The petitioners' case was strengthened in May 2010, when the government was virtually forced to accept a list of Indians with secret bank accounts in LGT Bank of Liechtenstein — part of a much longer list that Germany that had obtained from a former bank employee in the so-called "Liechtenstein Affair."
In fact, and ridiculously enough, when Germany first offered India the names of the Indian Liechtenstein tax evaders in 2008, the government did its best to avoid accepting them. Then, when it finally accepted the list, the government routed it through the prime minister's office and the directorate of enforcement so that citizens could not demand that the names be divulged through the country's powerful Right to Information Act.
"It's rubbish," said Supreme Court lawyer Kamini Jaiswal. People have a right to know, and this information must be divulged."
While Germany and the United States have already used the information about secret accounts in Liechtenstein to recover millions of dollars and prosecute tax evaders, India has made little progress on either score.
"Either they are protecting their own party members or the corporates who have bribed them," said Supreme Court lawyer Prashant Bhushan.

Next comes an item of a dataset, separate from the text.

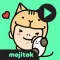 Bigdo2 Animated Stickers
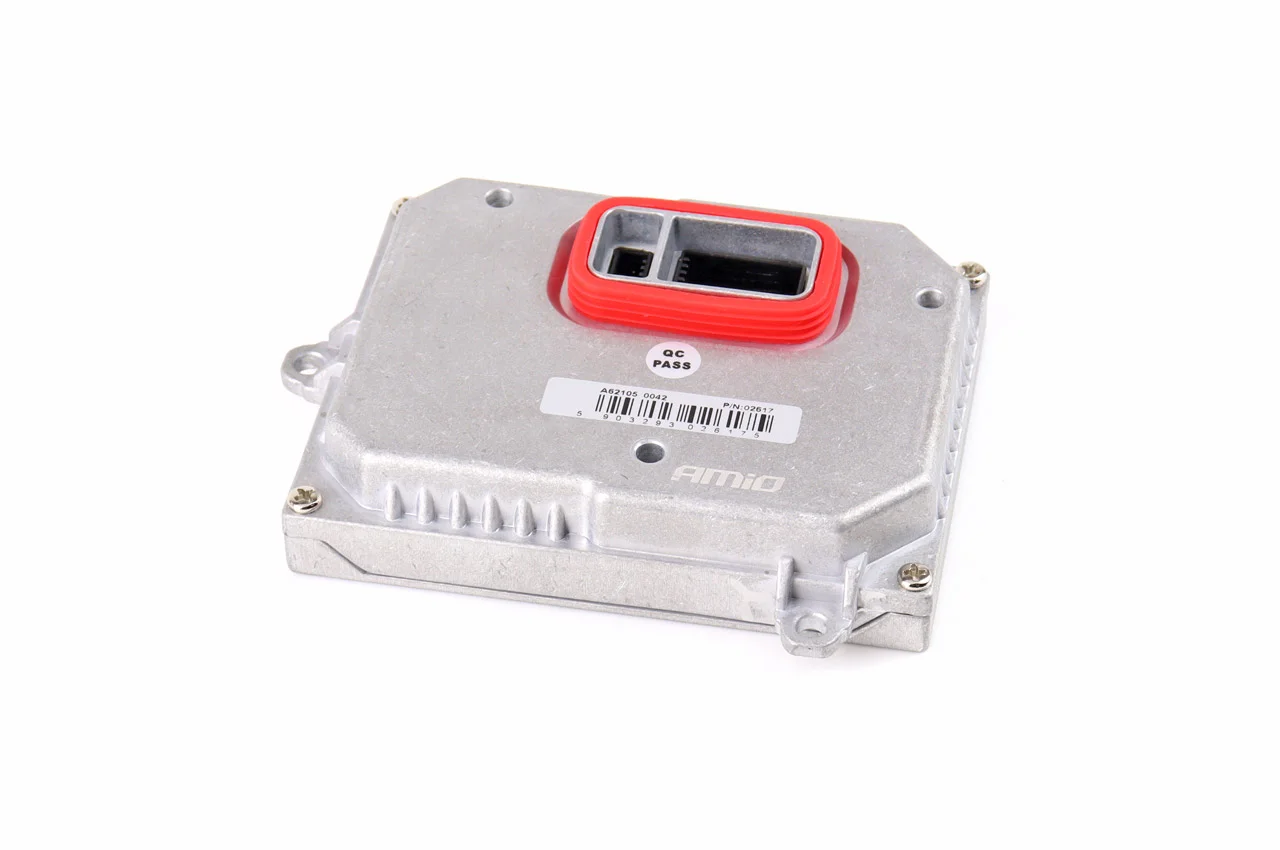Φωτογραφία προϊόντος: AMIO Ballast D1/3 (A6) Για Kit Xenon Oem MERCEDES/AUDI/SEAT/SKODA/SMART/VW 1ΤΕΜ.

If India were to ratify the United Nations Convention Against Corruption — which India signed in 2005 but is still "studying" — the government could not only divulge the 26 names that Germany revealed but also the names of countless others, he argues. "If they were serious about investigating this illegal money they could easily do so," Bhushan said.
The Indian government has been roundly criticized by the Supreme Court and opposition parties for failing to publicize the names of the individuals involved or launch proceedings against them.
"You know the names and where the money is," the Supreme Court admonished on Thursday. "What action have you taken when you came to know that they have stashed money in foreign banks?"
For its part, the government claims that it cannot follow the money trail because of confidentiality clauses in its double-taxation avoidance agreement with Germany. But critics suggest that argument, as well as claims that the names cannot be divulged without compromising the investigation into the offenders, are just stalling tactics to protect unknown powerful people on the list.
"That [argument] is utterly dishonest," said Bhushan. "Germany openly offered this information to all the countries. It was not even information pertaining to German entities. It was pertaining to account holders to a bank in Liechtenstein, so there was no condition that it would not be revealed."
One of the reasons for the government's prevarication, says Bhushan, is that the illegal funds may also comprise billions of dollars in bribes paid to political parties and public officials.
The signs are pretty grim. Even as prime minister Manmohan Singh has been fighting the impression that his government has allowed corruption to thrive, his solicitor general has been battling tooth and nail to stall the investigation into ill-gotten gains.
Meanwhile, though the Supreme Court has taken an aggressive stance in this case, the judiciary is itself under fire for alleged corruption — after battling to prevent its judges from being forced to reveal their financial assets. As it turns out, the head of the central vigilance commission responsible for investigating all this alleged chicanery was appointed even while he himself faced corruption charges in his home state.
"The watchdog for corruption cases is touted to be corrupt, the judiciary that's looking into the matter is apparently corrupt, and the government is now defending people involved in black money and money laundering," said a lawyer close to the proceedings. "It's quite incredible."